By and large, the textbooks used in schools and colleges to teach American history grossly neglect the part played by religion in the making of America. The spirit of secularism threatens to overwhelm American life, and if the Church fails to do all it can to portray the true place and contribution of religion in American history, it is blameworthy.

The part of the American Episcopal Church in this contribution to American life will not be known and understood unless we develop scholars who can and will tell the story. Publication is a necessary stimulus to productive scholarship.

Ecclesiastical histories and biographies are not, as a rule, profitable to commercial publishers. If the latter will not publish them, the Society must find the means to do so.

4. Throughout the Church, there is an increasing recognition of the fact that, before a vital program of Christian education can be developed for children, we must first deal with adults. One of the encouraging signs of our time is the growth of schools of religion for men and women. The purpose of these schools is to train up a nucleus of men and women in each parish who will be “ready always to give an answer to every man that asketh you a reason of the hope that is in you” (I Peter 3:15).

The need for brochures covering the different periods of Church history, suitable for laymen, has long been felt. The Society takes justifiable pride in the fact that it has not only supplied several gaps in the list of available brochures, but that they have been attractive, readable, and scholarly—neither apologetic nor polemical.
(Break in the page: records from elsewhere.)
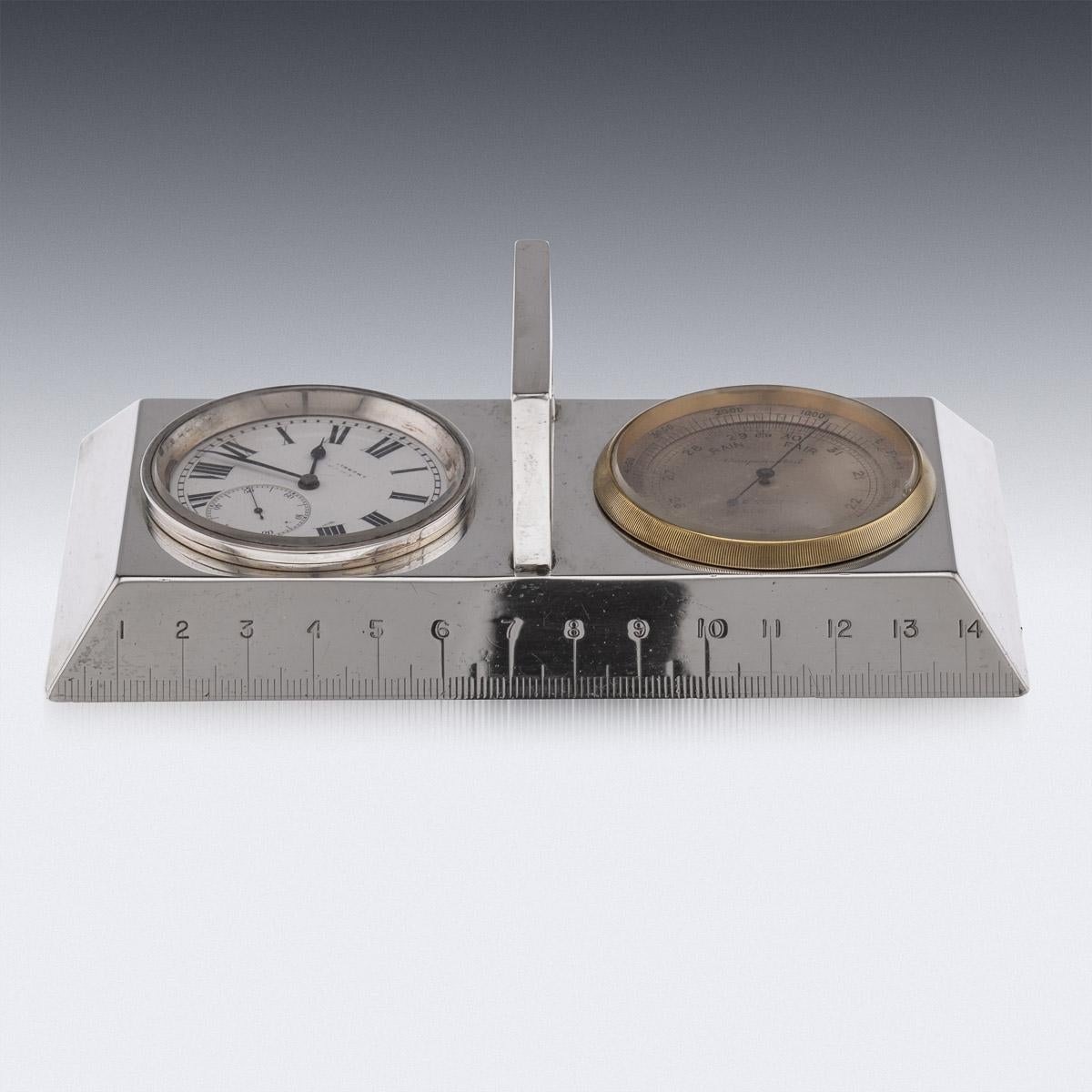 20th century English silver desk clock, ruler and thermometer. In fully working order, the clock with a white face and roman numerals, with a hand winder on reverse. Thermometer made by J.C.Vickery, London, comes in a solid silver carrying case and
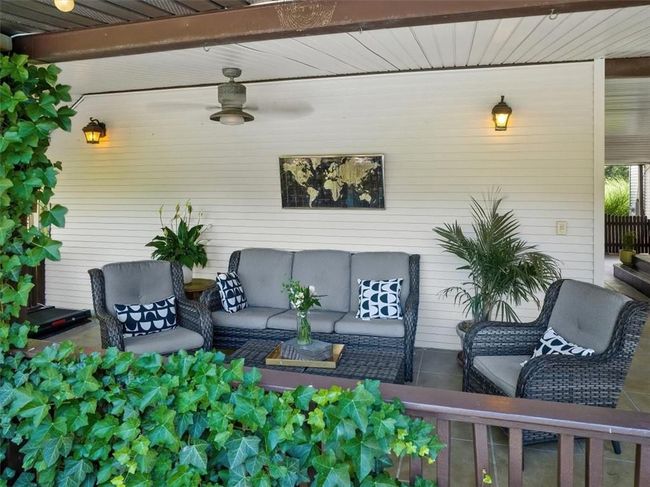 View of patio featuring ceiling fan and an outdoor living space | Image 26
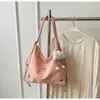 Bolsa de Grande Capacidade para Mulheres 2026 Nova Textura de Alto Padrão Moda Nicho Bolsa de Ombro Único Transversal Mochila Multifuncional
Hundreds of the clergy and thousands of the laity have been grateful for what the Society has done in this field, and the response to its efforts has shown that this phase of its service to the Church has been sorely needed.

IF MORE MATERIAL WERE PUBLISHED, MORE INQUIRIES COULD BE ANSWERED

IT IS the proud boast of the Society that the most inconspicuous member of this Church can get as good service from it as can the Presiding Bishop. Most of the multitudinous inquiries that come are answered by our librarian, the Rev. Dr. William Wilson Manross, who is himself a distinguished historian and thoroughly familiar with the sources of the history of our Church.

The two items which represent the most frequent classes of inquiry are these:

Biographies and portraits of the clergy;

Information concerning parochial and diocesan history.

Considering the second item first, parochial histories are an important, if not an essential, source of diocesan histories; and the latter in turn are important to the historian of the various phases of our Church’s national history.

Concerning the first item, we have a right to expect, at the very least, that a complete ordination record of every clergyman in this Church from 1785 to the present time would be available. But this is not the case. From August 3, 1785, to December 31, 1884, 6,000 persons were ordered deacons in the American Episcopal Church; but the record of their ordination to the priesthood is either unknown or has never been published in any readily accessible form. Yet, with a reasonable sum of money available for research, most of these missing data, including birth and death dates in many cases, could still be secured and published. In a Church such as ours, which places so much emphasis on holy orders, this is a must item.

“Where can I find out the number of Catholic converts to Anglicanism?”

This query was addressed to the president of the Society as recently as July 10, 1950, by the director of the (Roman) Catholic Information Center, Buffalo, New York. Those whose reading is largely confined to the newspapers may assume that conversion is a one-way road—to Rome; but the Roman Catholic authorities know better.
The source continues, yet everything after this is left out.